How exactly this process of development happens, however, is vague at best—more art than science. It takes a philosophy and an institutional culture that puts a student’s moral development at the center of what we do, as well as a willingness to talk about values and ethical behavior—a philosophy and culture shared by generations of Loomis Chaffee faculty who do so much more than simply teach a subject area. Whether in the classroom, the dormitory, the dining hall, the arts or athletics, our faculty have always looked for opportunities to teach life lessons and to encourage leadership and good citizenship both on campus and beyond.
The recent establishment of the Norton Family Center for the Common Good serves as both an instrument and a locale for these kinds of conversations and cultural development. The Norton Center has just completed its third year under founding director and Loomis graduate Al Freihofer ’69. Sadly, Al is returning to Baltimore this year, but he leaves the Center well established and in the capable hands of faculty members Eric LaForest and Molly Pond. Next year, every class of students currently at the school will have benefitted from the Freshman Seminar—where students discuss the practical ramifications of citizenship—and the programming sponsored by the Center.

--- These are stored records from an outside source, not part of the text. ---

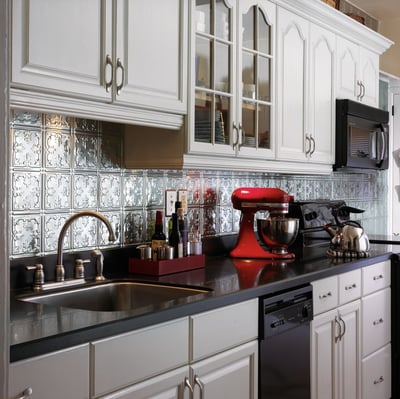metal-metallique-stainless-acier-inox-dosseret-cuisine-decorer-idees-solutions-trucs_conseils_comment_decoration_design_interieur_ameublement_quebec_canada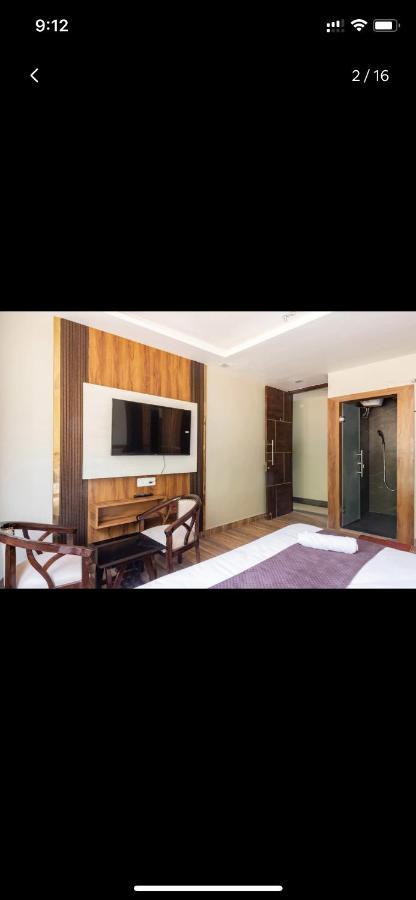 Hotel & Hostel Vimal Ganga Rishīkesh Eksteriør bilde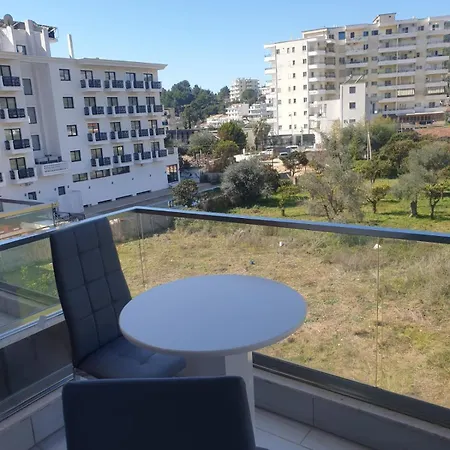 Alis Apartment *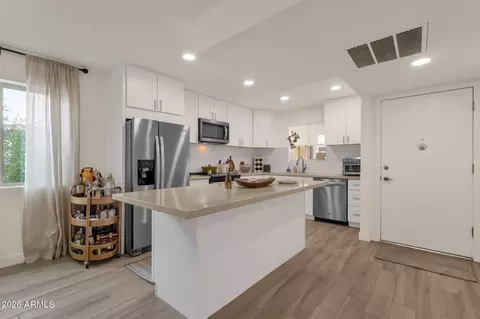 Kitchen - 4150 E Cactus Rd #110, Phoenix, AZ 85032 photo 4 of 4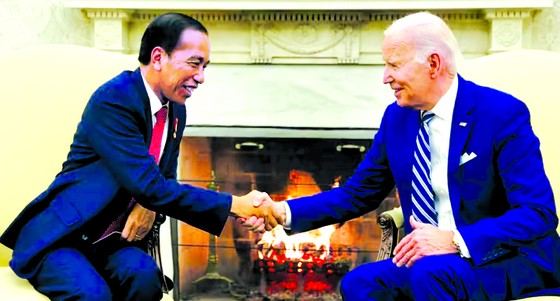 Tổng thống Mỹ Joe Biden (phải) và Tổng thống Indonesia Joko Widodo tại cuộc hội đàm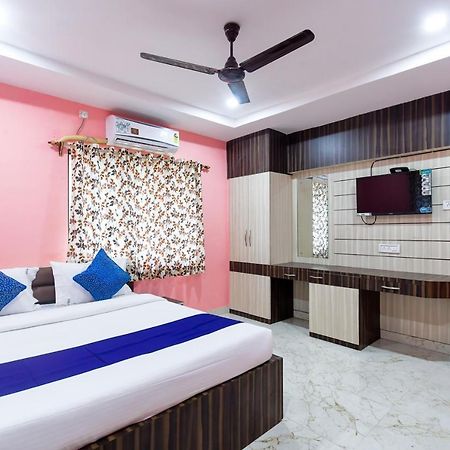 Hotel Blue Abedin Kolkata Exterior photo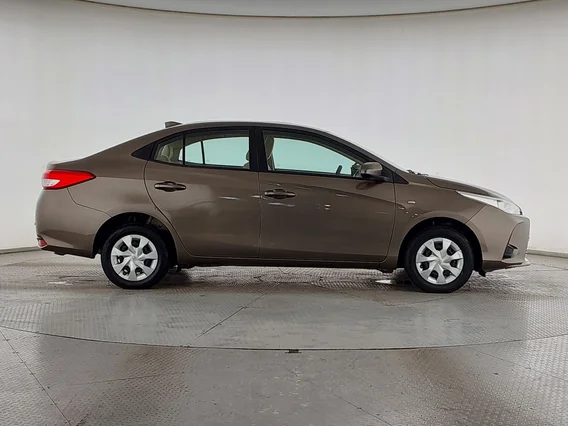 Toyota Yaris  Y 2022 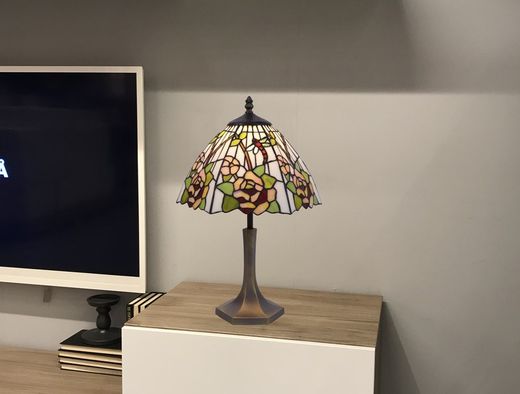 Tiffany portable table lamp diameter 30cm Tiffan and light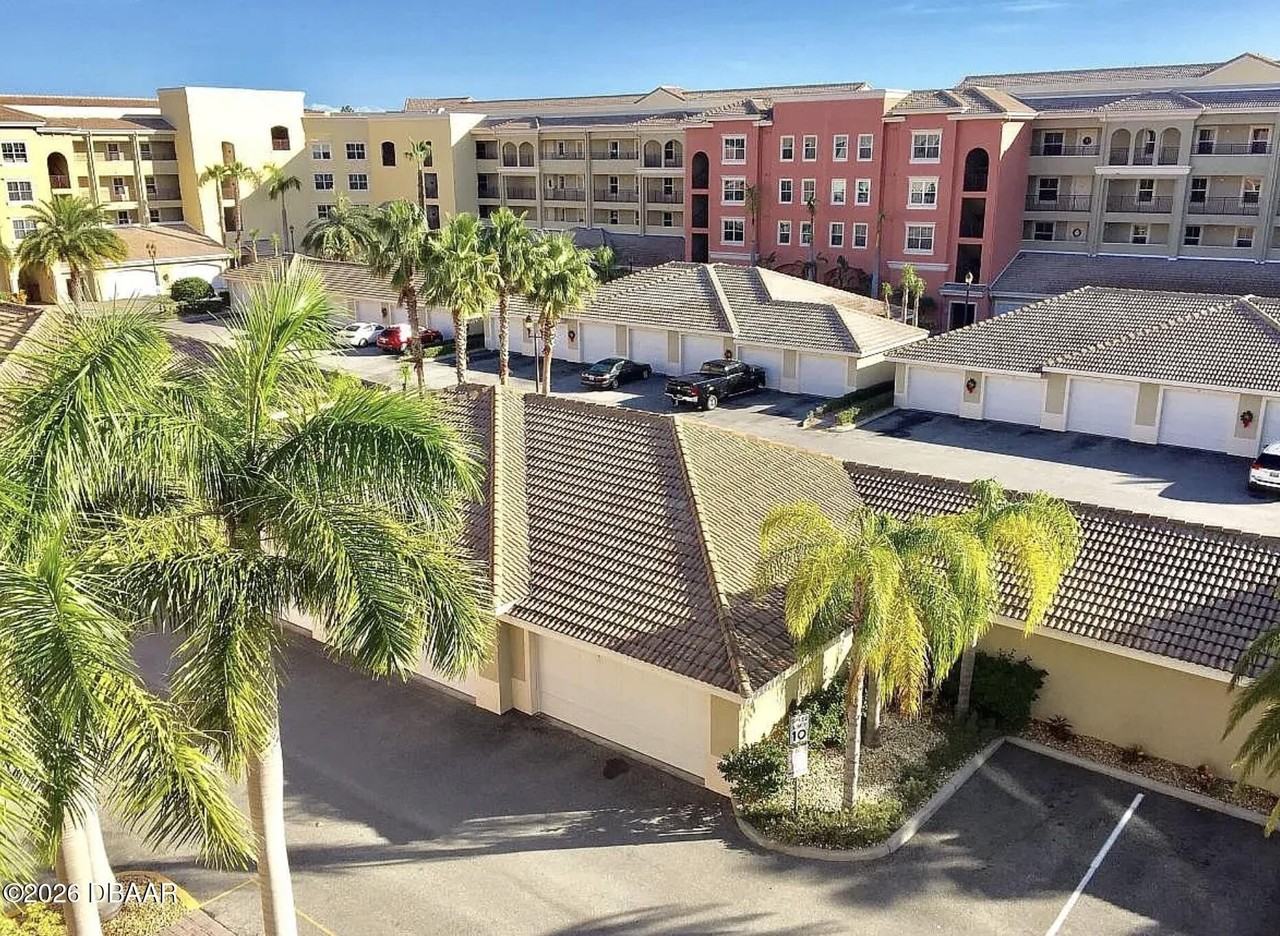 424 Luna Bella Ln Apt 411 #411 - Photo 5 of 37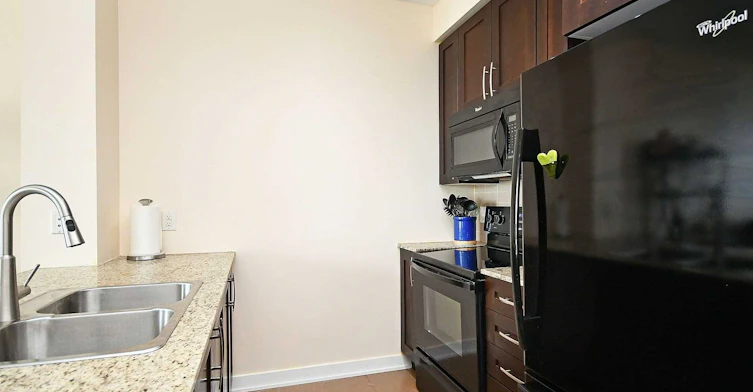 3910-4070 Confederation Parkway, Mississauga, ON, L5B 0E9 - 12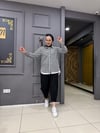 Siyah Çizgili İçlik Detaylı Gömlek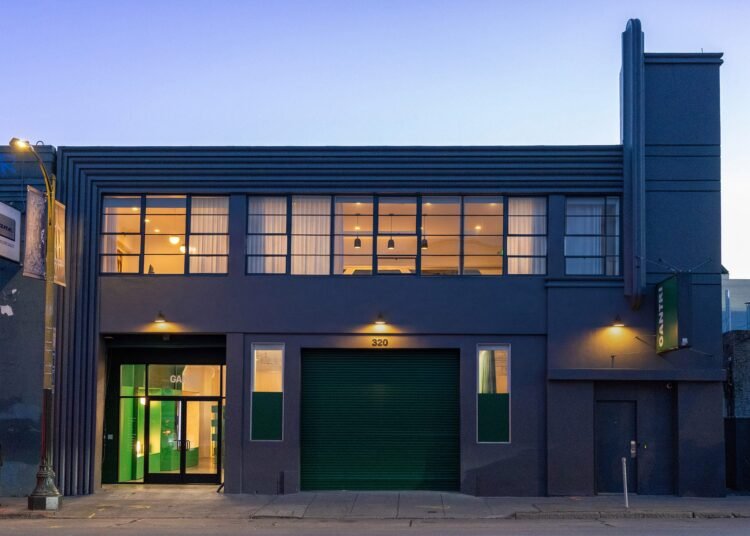 Zomuzi convierte un antiguo taller de carrocería en un taller Gantri San Francisco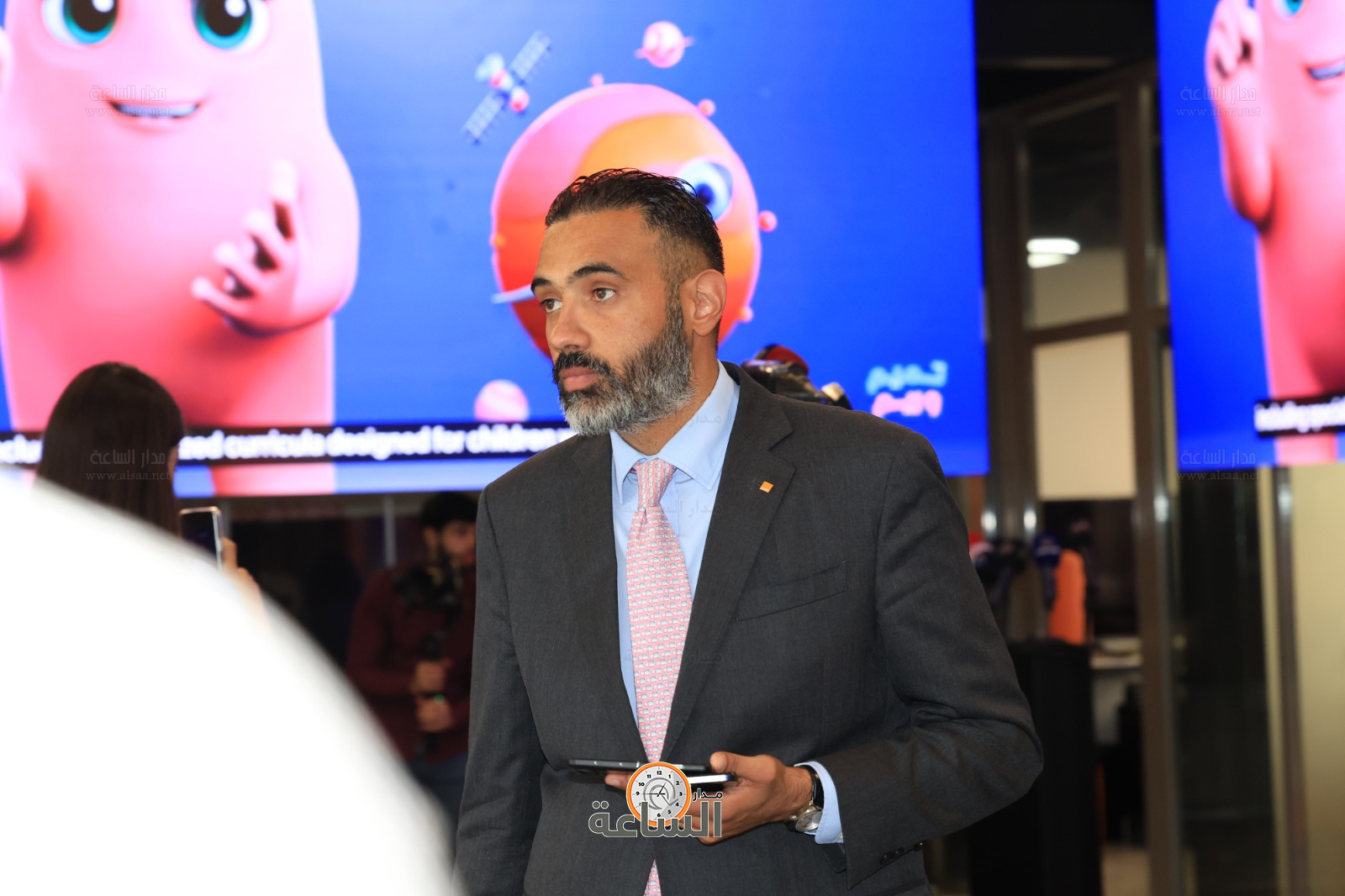 Madar Al-Saa Images 0.021378465302447025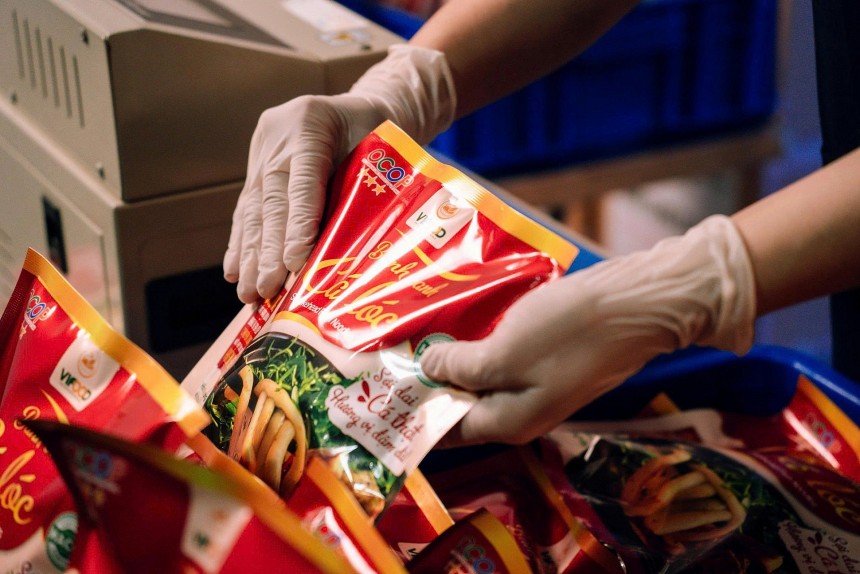 Nước dùng được ninh từ xương cá, nguyên liệu tươi, xử lý bằng công nghệ hiện đại giúp bánh canh cá lóc đóng gói kéo dài hạn sử dụng, không cần lạm dụng chất bảo quản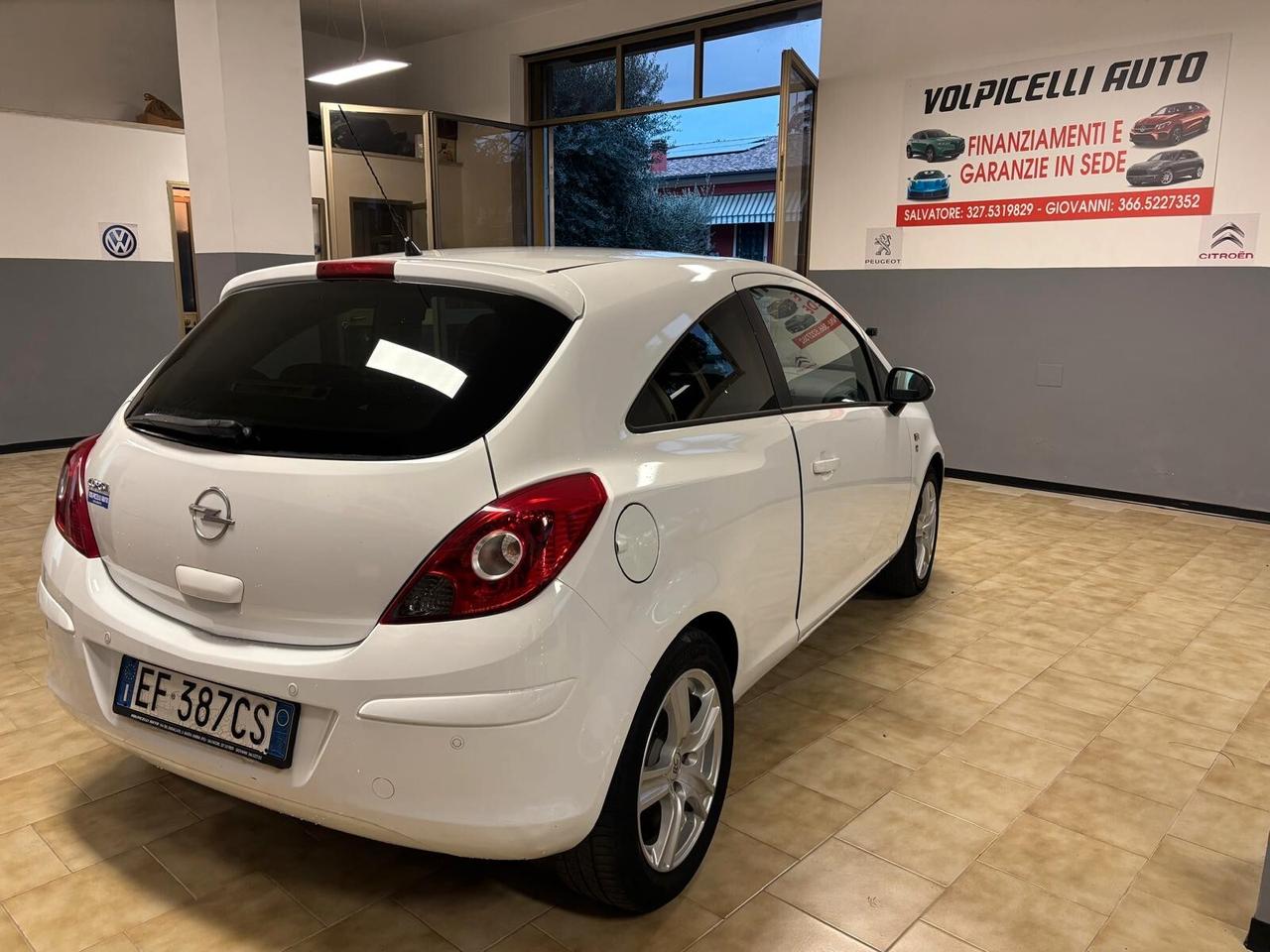 OPEL CORSA ANNO 2010 BENZINA 1.2 KM 146 MILA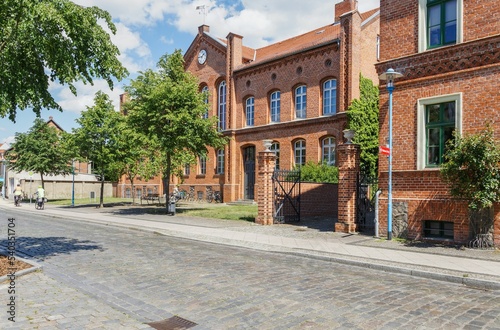 Wittenberge ist eine Stadt an der Elbe. Sie gehört zum Landkreis Prignitz im Bundesland Brandenburg und nennt sich selbst das Tor zur Elbaue.
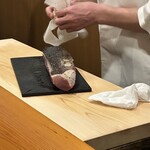 鮨 あらい - 皮を焼かれた熟成めじ鮪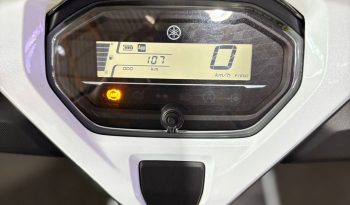 YAMAHA FLUO 125 ABS HYBRID CONNECTED 2026 cheio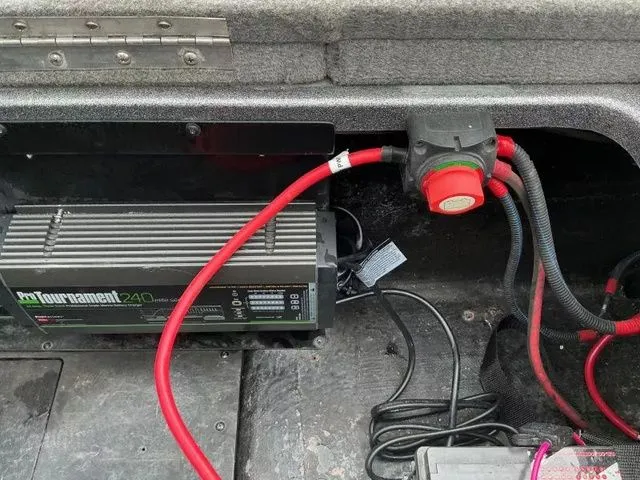 Slide: The Image of Caymas CX 21 PRO Bass Boat 2020 - 8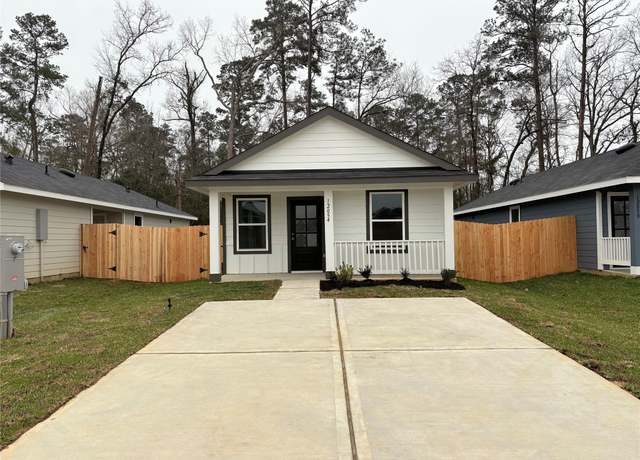 Property at 12046 William Trails Circle Cir, Willis, TX 77378, 2 beds, 2 baths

In teaching values and citizenship, Loomis’ philosophy and culture also acknowledge that adolescents will make mistakes. An important part of growing up is learning where the boundaries are, testing the limits, and practicing good judgment. Certainly our students do all of these things, sometimes to the frustration of the adults in the community. For however long they have been at Loomis, the school has provided our students with a community wherein they could practice the skills that are so much a part of the broader social contract. As I looked out over the graduates during Commencement, I was proud not only of their accomplishments, but also of who they have become, of how they have grown and developed during their time at the school, and how they have pushed us to be better, too. It is hard not to be optimistic about the future when we think about these young people and what they believe in and work for.